Review: It was about time the Bassbrothers stepped up on DJ Hype's Playaz to deliver some rolling, twisted bass beats, because these two d&b deviants know how to mash it up good and proper. "WTF" itself is a pure hybrid tune, where dubstep and d&b become intertwinded, and the same goes for the tunes like "Kravitz" or "Dunno A Dead", except that the duo branch out and gather more influences, from R&B to ragga. "Pusher" delivers some of that classic Playaz sound, all bursting morph bass and dread, followed by the mean, lean stare of "Deadly Spawn". Killaz!
Review: Sticky fingers Brazilians Jam Thieves have been tearing up the dance in the last few years with their subgenre-smelting dancefloor-focussed D&B. Misbehaving on the likes of Radius, Serial Killaz, and Hangar, they've found their spiritual home on Hype's Playaz where all styles are welcome as long they make you bounce... Which is exactly what these 10 tracks do. From the wild west whistles and far-out bass bumps on "The Hangman" and the Qanun twanging "Favela Funk" (with the similarly talented hot blooded Portuguese-speaking duo Bass Brothers), Jam Thieves have delivered a straight-up album of dancefloor bruisers and funkers with nothing contrived or written for album's sake. Refreshing.
Review: It's been a while since the Portuguese sonic siblings last dished out a release but it's clear they've had bigger, album-sized projects in mind. Their debut long one, it's an evocative love letter to the entire scene; whipping up the genre's many fiddly little sub-sub-subgenres, this will please all fans. "Neo Babylon" rattles with Commix's "Call To Mind" era, "In The Ghetto" is a sandpaper funk jam a la Hazard, "Spiders" is a fuzzy, techy electrified stomper you could hear the likes of John B play while "Dancehall Killez" is so steppy, glitchy and unclassifiable it could make Sam Binga blush. References and comparisons aside, this is the sound of two very promising artists coming correct; the whole D&B community needs to pay attention.
Review: Portuguese Playaz poison, BassBrothers have been on Hype's talent roster since late 2013 and are finally making their label debut with a whopping six-track mission statement. Riddled with creativity, sharp drums, superb execution of samples and unrelenting energy, each of these cuts justify the cross-board hype they've been enjoying lately. Highlights include the snare-snapping steppiness of "Bolivian Yeyo", the playful use of samples and well-tamed tears of "Blastin", the twisted ragga skanks and distorted bass bitterness of "Fashion" and the industrial strength nastiness of "Shut Up". A contender for label debut of the year, this amplifies Playaz' trustworthy consistency tenfold. Ludicrously big.

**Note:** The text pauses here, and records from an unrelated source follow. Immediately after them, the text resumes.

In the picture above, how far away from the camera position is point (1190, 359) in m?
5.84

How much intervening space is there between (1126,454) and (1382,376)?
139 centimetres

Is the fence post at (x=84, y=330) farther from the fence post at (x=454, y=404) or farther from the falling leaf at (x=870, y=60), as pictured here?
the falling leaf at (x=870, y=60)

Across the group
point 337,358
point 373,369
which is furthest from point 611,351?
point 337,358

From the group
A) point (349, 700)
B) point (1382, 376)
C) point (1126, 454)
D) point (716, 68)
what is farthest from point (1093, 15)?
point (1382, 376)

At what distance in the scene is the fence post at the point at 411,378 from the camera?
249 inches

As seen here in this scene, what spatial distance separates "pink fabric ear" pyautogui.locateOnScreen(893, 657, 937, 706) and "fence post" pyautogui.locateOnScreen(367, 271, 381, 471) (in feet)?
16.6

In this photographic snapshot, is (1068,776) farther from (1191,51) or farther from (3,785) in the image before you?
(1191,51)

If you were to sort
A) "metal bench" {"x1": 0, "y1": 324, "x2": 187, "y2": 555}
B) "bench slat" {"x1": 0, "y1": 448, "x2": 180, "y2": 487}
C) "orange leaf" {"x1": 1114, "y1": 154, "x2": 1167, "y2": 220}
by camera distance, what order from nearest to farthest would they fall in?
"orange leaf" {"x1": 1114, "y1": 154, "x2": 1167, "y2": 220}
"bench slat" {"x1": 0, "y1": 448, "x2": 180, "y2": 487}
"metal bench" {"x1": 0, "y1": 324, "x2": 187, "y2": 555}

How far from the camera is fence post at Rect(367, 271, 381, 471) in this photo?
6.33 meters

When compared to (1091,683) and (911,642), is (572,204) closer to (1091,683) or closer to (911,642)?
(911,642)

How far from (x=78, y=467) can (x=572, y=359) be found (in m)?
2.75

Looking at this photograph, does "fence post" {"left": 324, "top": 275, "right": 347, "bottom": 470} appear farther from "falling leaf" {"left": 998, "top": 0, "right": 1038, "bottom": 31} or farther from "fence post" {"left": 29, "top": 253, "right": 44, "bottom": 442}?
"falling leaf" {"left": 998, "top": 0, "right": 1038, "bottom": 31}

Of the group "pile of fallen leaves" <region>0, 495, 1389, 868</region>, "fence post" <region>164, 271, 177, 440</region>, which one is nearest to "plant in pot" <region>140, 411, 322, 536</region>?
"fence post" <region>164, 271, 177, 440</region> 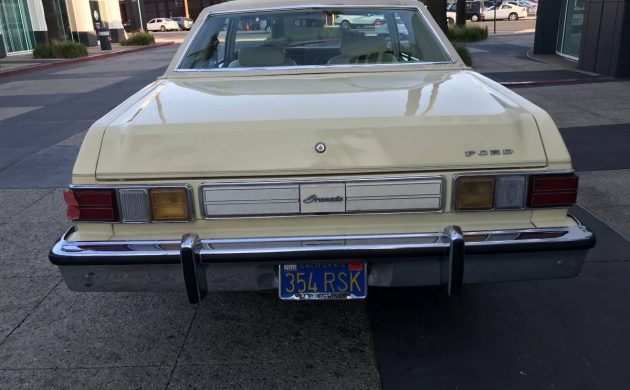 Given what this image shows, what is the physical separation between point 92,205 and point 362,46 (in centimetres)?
214

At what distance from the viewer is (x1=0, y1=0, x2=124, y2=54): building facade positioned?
2317 cm

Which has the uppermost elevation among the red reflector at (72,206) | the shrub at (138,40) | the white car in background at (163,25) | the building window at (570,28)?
the red reflector at (72,206)

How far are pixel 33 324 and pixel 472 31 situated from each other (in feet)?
72.4

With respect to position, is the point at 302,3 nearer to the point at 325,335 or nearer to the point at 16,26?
the point at 325,335

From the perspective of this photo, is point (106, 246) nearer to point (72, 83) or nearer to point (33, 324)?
point (33, 324)

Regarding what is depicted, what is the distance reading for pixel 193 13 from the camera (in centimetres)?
5953

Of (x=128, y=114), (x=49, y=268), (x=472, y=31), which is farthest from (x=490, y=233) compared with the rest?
(x=472, y=31)

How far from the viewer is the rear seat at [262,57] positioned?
3.88 metres

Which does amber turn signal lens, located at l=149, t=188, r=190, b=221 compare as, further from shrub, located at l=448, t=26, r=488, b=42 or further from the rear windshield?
shrub, located at l=448, t=26, r=488, b=42

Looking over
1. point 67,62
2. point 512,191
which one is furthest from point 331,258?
point 67,62

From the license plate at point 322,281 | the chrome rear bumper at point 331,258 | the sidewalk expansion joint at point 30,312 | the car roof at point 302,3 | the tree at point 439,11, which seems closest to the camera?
the chrome rear bumper at point 331,258

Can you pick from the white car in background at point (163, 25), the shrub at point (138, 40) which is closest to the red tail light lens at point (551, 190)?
the shrub at point (138, 40)

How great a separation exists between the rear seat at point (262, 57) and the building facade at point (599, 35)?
10.0 m

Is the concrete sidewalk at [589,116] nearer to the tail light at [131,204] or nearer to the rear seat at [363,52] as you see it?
the rear seat at [363,52]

Review: Think of DJ Hazard and what do you see in your mind's eye? Put that hectic mayhem and those sweaty dancefloor shenanigans together into a two track release and you've got a good idea as to what BassBrothers are all about. "Royal Rumble" is a knockout blow from the very start, punching well above those jump up expectations and delivering some serious originality and a seriously stinking bassline to boot. "Jamaican Thug" puts dancehall vibes to work, smashing dancefloors and convincing crowds they can all do an adequate dutty wine, where destructively deep bass gives in to a ridiculous build up.